Po urodzeniu pierwszego dziecka Tolentino z mężem nie kupowali monitora oddechu dla niemowlęcia: mąż nie chciał wydawać pieniędzy na zbędne rzeczy, a Tolentino była przekonana, że część rodzicielskiego doświadczenia polega na tym, że nie można kontrolować wszystkiego. Jednak narodziny drugiego dziecka zmieniły podejście pary do tych gadżetów, ponieważ u córki zaczęła się egzema. Pewnej nocy zadrapała twarz na tyle mocno, że na całym łóżeczku pozostały ślady krwi. Po tym mąż Tolentino nalegał na zakup kamery wideo, aby pilnować dziecka, ale ona odrzuciła ten pomysł.

“Przez kilka tygodni wahałam się co do poprawności tej decyzji, ale stale śledziłam dziecko innymi sposobami, w tym za pomocą technologii. Za pomocą aplikacji zaczęłam monitorować, ile mleka wypijała dziennie i ile pieluszek zużyła – notując rutynowe czynności, których byłem niedawno tylko świadkiem. Zaczęłam czuć się jak biblijny anioł ze tysiącem oczu, który jakoś nic nie widzi” – powiedziała Tolentino.
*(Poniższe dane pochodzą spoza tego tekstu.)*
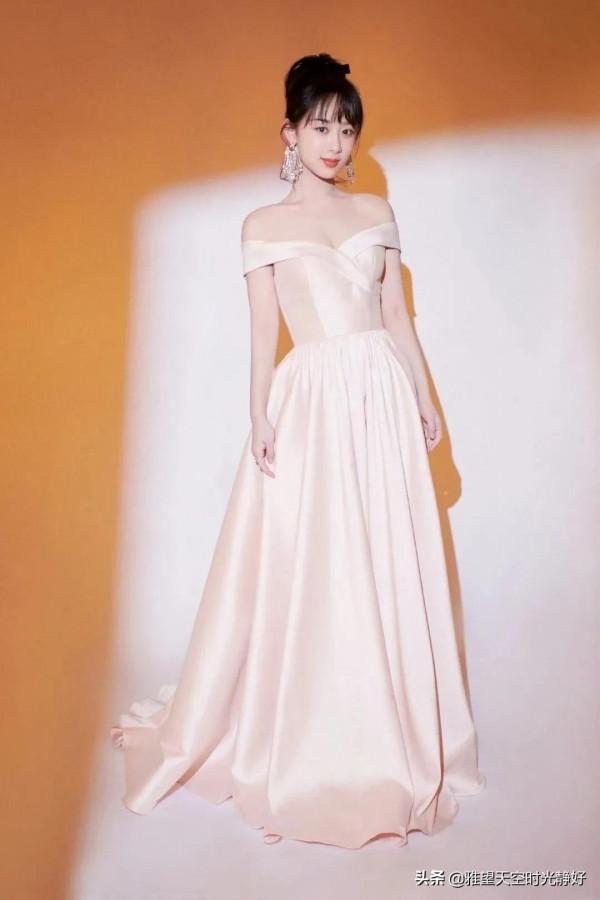 盤點 楊紫的女神衣櫥之絕美禮服裙大賞 瘦下來的小猴子越來越漂亮了 盤點 楊紫的女神衣櫥之絕美禮服裙大賞 瘦下來的小猴子越來越漂亮了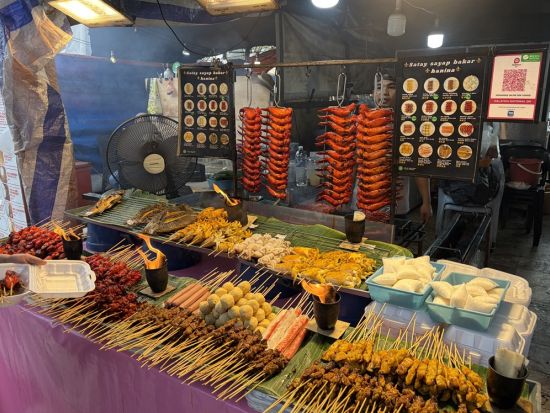 コタキナバルナイトツアー　世界屈指の美しいサンセットとサバ州民族ダンスを一度に満喫！＜17:30発／夕食付／日本語or英語ガイド＞
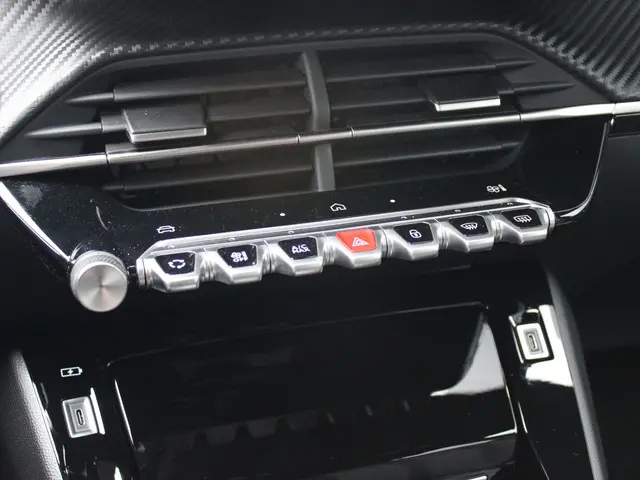 Peugeot 2008 1.2 Hybrid 145 Allure 2026 Hybride Benzine 24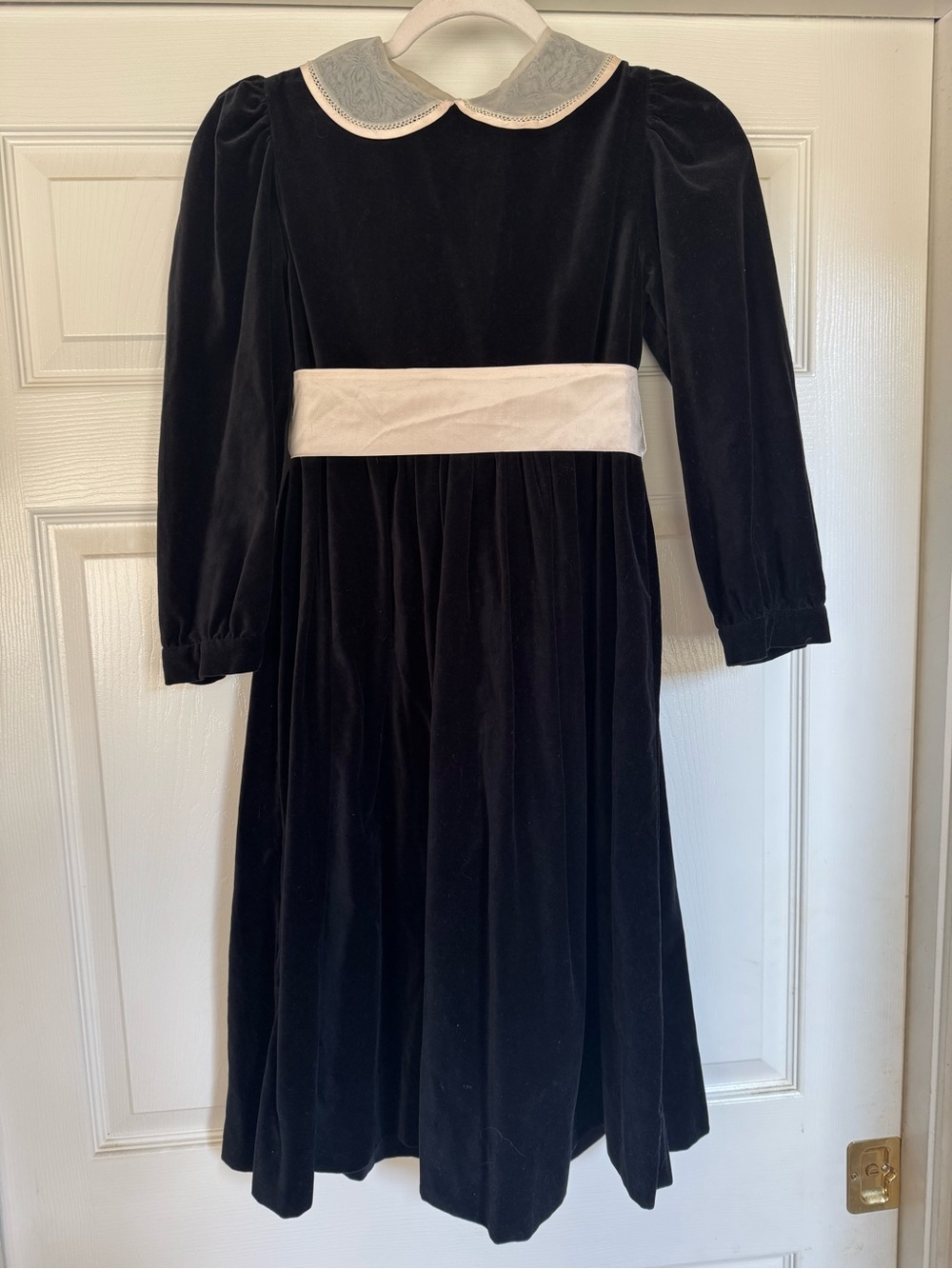 Strasburg Girls Size 10 Black Velvet Holiday Dress Peter Pan Collar Ivory Bow
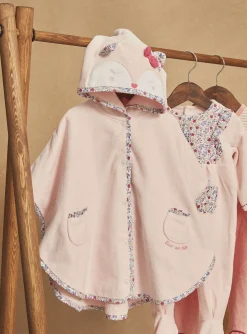Sergent Major Pyjama & Grenouillère-Cape de bain &agrave; capuche rose &agrave; motif fleuri.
Zaczęła częściej panikować z powodu minimalnych zmian w nastroju dziecka. Gdy apetyt córki zmniejszał się, Tolentino nawet próbowała zmusić ją do jedzenia siłą i irytowała się, gdy odmawiała, chociaż aplikacje pokazywały, że dziewczynka nie je dość. Po jednym takim przypadku, kiedy mąż powiedział: “Ona je, kiedy powinna”, nawet zabrał jej dziecko. Ten incydent skłonił Tolentino do przemyślenia, że pomysł wszechobecnego kontroli jest nieudolny, a ludzie coraz częściej mylą troskę z przymusem.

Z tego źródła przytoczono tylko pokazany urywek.